(TASK BRIEF):
Please print, exactly as written, the line containing "ТГК жижа Лосино-Петровский" and each line after it through the end of the material; pictures stay out.

(THE DATA):
============================================================
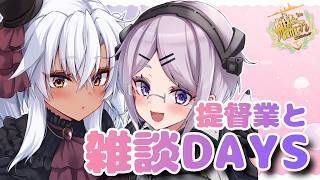 【艦これ / KanColle】ユルユルと武蔵さんを掘るぞー The LAST  提督業と雑談Days 【Vtuber / 風凪詞華】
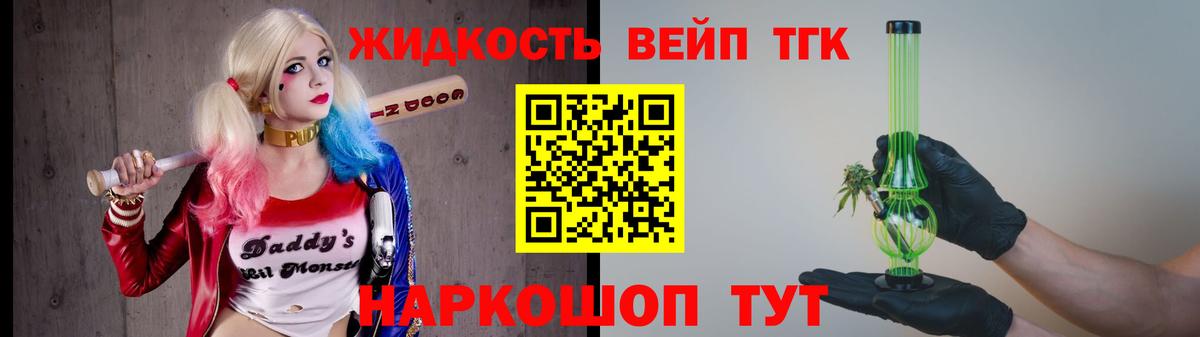 ТГК жижа Лосино-Петровский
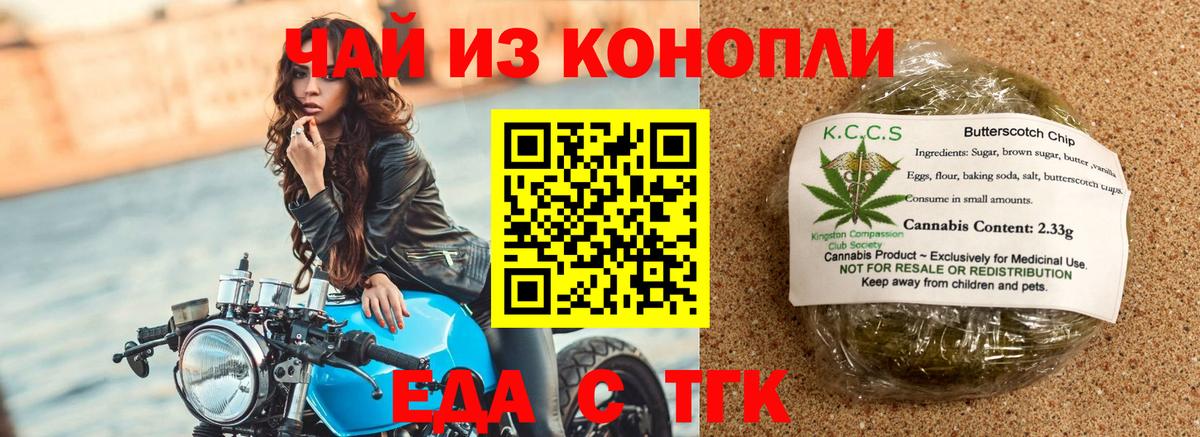 Еда ТГК марихуана  Вход с VPN  Узловая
============================================================
(COMPLETED TASK):
 ТГК жижа Лосино-Петровский
 Еда ТГК марихуана  Вход с VPN  Узловая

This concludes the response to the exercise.